- What the task asks: For each line of the data below that includes the string "vector", count one, and answer with the sum only.

- - - - - - -

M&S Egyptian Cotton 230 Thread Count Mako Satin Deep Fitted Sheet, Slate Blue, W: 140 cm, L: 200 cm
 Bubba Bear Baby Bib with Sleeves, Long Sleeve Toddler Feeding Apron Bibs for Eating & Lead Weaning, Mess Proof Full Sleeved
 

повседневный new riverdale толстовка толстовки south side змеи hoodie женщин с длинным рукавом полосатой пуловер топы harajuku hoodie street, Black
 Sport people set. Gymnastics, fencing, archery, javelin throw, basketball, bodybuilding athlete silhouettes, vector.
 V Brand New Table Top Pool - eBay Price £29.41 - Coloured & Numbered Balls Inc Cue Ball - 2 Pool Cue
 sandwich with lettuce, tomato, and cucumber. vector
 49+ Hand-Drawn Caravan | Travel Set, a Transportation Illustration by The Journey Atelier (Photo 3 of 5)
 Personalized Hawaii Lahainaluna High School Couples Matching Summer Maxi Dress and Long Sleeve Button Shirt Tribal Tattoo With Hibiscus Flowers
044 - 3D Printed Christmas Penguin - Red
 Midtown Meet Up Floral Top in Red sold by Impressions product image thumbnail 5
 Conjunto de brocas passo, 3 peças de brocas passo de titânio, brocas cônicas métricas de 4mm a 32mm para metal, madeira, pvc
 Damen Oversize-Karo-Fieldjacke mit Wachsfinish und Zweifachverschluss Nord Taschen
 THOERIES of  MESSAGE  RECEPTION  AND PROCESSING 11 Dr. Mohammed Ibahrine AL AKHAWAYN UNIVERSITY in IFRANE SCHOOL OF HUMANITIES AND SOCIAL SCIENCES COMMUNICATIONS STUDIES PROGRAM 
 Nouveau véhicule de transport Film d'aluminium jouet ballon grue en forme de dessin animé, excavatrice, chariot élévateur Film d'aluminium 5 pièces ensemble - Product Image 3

- - - - - - -

- Solution for this problem: 2